Du côté de la Mouvance populaire, il faut dire que les choses ne sont pas encore claires. L’on s’attendait à être fixé au début de l’intervention de Saïd Ameskane, président du groupe de la Mouvance et aussi son porte-parole. Il n’en fut rien. «Soutien critique ou opposition ouverte»? Le député est resté tellement vague sur la question que les esprits des observateurs sont, encore, maintenus dans le flou. On ne saura pas non plus si le Mouvement populaire votera demain en faveur de la déclaration gouvernementale. Le discours d’Ameskane, véritable cours d’histoire sur le MP, est resté assez diffus, voire confus. «La ligne politique du parti est la même, à savoir la défense des idéaux de liberté. Nous sommes donc libres de nos positions et n’avons aucun complexe à être dans l’opposition politique au gouvernement», dira Ameskane. «Comprend qui veut», dit l’adage. Toutefois, une petite phrase du même Ameskane fera dire à certains que le MP fait miroiter l’éventualité de quelques alliances non encore claires. «Nous allons coordonner notre action avec celles des autres membres de l’opposition», a déclaré Ameskane. De quelles alliances s’agit-il? Et dans quels buts? On n’en saura rien actuellement en l’état de flou où se trouve encore la position du MP. Toutefois, du côté du PJD, on n’exclut pas une telle éventualité.
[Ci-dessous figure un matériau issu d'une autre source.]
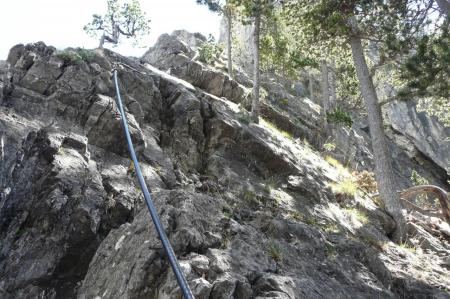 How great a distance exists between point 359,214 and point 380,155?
2.43 m

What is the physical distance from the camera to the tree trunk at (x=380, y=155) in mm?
11740

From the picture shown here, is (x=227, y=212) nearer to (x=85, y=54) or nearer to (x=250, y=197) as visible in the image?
(x=250, y=197)

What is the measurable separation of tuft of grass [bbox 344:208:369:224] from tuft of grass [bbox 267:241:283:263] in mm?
5917

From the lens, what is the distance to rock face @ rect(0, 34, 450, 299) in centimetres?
489

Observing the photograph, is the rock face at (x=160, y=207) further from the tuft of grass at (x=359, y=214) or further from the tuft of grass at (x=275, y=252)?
the tuft of grass at (x=359, y=214)

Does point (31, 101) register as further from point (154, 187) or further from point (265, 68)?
point (265, 68)

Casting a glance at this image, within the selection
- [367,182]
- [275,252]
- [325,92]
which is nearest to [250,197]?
[275,252]

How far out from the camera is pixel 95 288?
189 inches

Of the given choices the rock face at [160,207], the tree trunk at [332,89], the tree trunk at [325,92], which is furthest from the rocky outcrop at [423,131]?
the rock face at [160,207]

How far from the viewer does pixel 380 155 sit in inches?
496

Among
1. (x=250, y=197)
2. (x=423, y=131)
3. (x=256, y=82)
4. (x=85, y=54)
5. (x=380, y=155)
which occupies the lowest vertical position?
(x=250, y=197)

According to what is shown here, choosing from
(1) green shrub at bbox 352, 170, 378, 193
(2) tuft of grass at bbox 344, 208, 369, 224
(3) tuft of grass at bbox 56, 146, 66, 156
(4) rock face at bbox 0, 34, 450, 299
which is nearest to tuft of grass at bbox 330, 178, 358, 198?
(4) rock face at bbox 0, 34, 450, 299

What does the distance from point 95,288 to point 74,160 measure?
3.02 m

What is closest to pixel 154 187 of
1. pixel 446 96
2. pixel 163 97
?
pixel 163 97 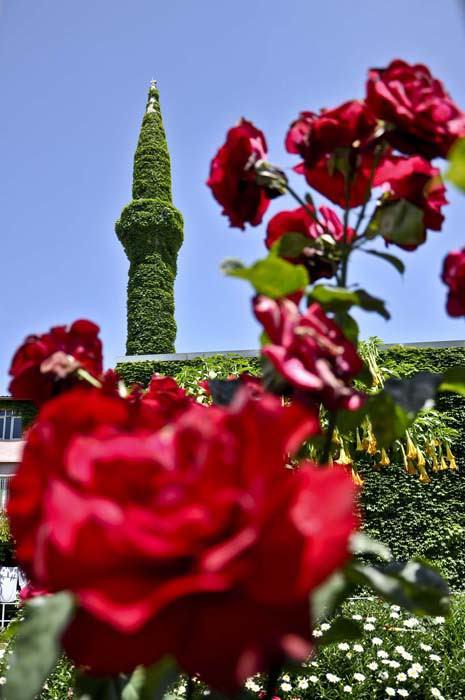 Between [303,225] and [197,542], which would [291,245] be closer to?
[303,225]

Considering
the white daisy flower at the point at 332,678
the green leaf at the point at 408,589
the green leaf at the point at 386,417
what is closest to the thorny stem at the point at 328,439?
the green leaf at the point at 386,417

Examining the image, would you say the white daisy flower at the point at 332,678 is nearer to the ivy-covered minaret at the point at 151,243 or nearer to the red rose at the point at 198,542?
the red rose at the point at 198,542

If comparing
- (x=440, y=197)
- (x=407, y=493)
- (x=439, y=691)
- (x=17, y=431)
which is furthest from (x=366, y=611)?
(x=17, y=431)

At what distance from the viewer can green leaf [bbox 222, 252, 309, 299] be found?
0.61 m

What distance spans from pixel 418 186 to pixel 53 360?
1.52 ft

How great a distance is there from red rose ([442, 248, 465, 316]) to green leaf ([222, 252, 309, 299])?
0.50ft

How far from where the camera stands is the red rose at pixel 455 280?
0.64 metres

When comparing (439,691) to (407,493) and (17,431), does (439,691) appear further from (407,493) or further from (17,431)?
(17,431)

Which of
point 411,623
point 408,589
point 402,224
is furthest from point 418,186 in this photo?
point 411,623

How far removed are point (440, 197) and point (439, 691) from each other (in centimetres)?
394

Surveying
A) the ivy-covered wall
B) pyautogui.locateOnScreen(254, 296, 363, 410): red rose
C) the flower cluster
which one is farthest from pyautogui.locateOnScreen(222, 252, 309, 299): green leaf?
the ivy-covered wall

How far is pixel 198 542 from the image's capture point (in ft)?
1.22

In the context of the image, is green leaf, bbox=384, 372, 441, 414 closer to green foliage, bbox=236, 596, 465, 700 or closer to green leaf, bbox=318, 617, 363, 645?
green leaf, bbox=318, 617, 363, 645

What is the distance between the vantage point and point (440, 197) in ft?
2.47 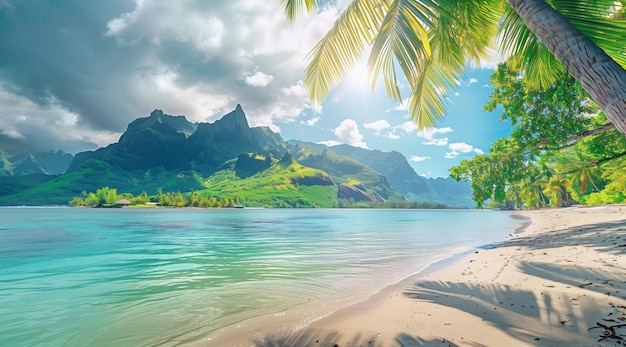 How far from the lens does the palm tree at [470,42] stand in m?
3.01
Maintenant, que va-t-il se passer aujourd’hui? Qui votera demain après-midi en faveur de la déclaration du gouvernement? Qui votera contre? Si l’on sait déjà que le PJD va dire non, l’on ne connaît pas encore quelle sera l’attitude du MP. Pas plus que celle de l’Union constitutionnelle (UC) qui s’estime avoir été écartée par Abbas El Fassi. Ce dernier aura besoin, faut-il le rappeler, de 163 voix au moins, pour faire passer la déclaration gouvernementale. Or, la majorité au gouvernement (PI, USFP, PPS et RNI) ne dispose pas de plus de 142 voix. Le reste est donc à chercher auprès du groupe de Fouad Ali El Himma, sinon du côté du MP.

Le oui de l’USFP
L’USFP votera en faveur de la déclaration du gouvernement. C’est du moins ce qu’a affirmé Mohamed El Yazghi, premier secrétaire de la formation politique à L’Economiste. Cependant, un membre du bureau politique de ce parti a déclaré que de nombreux députés de l’USFP pourraient voter contre. «Je ne vois pas comment on peut voter pour une déclaration qui ne comporte pas une seule de nos propositions électorales», a-t-il dit.